The case of the great mirror-licker is bit of a perfect storm for the left-wing commentariat. To take their natural position they’d have to both embrace misogyny and diss Sweden, which is of course where good leftists go when they die. This is too much for most and they’ve wisely ditched Assange. Others have simply been driven mad: try making sense of this clanging series of non-sequiturs by Seamus Milne, for example, which seems to be arguing that his crimes are probably not serious, but actually they are, and that only right-wingers want to see him extradited, but also that he should be extradited, but only on currently illegal terms.

Seamus Milne, incidentally, was the Guardian online comment editor at the time of 9/11, which is why that website was the principle British mouthpiece for the view that the people who died in the World Trade Center had it coming to them.

He is also one of Britain’s most privileged (son of a former BBC Director-General, educated at Balliol and Birkbeck) Marxists and Soviet-nostalgics.
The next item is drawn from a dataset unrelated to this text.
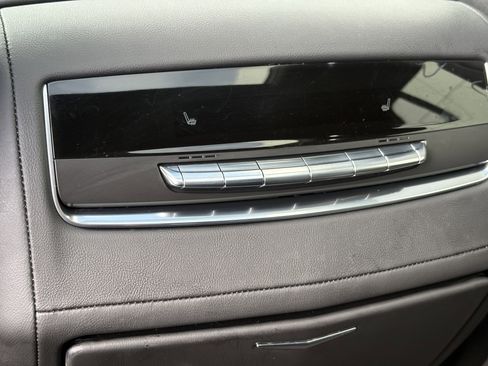 Certified 2023 Cadillac Escalade Premium Luxury w/ Performance Package AWD/4WD image 15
This from 2006:

For all its brutalities and failures, communism in the Soviet Union, eastern Europe and elsewhere delivered rapid industrialisation, mass education, job security and huge advances in social and gender equality. It encompassed genuine idealism and commitment, captured even by critical films and books of the post-Stalin era such as Wajda’s Man of Marble and Rybakov’s Children of the Arbat. Its existence helped to drive up welfare standards in the west, boosted the anticolonial movement and provided a powerful counterweight to western global domination.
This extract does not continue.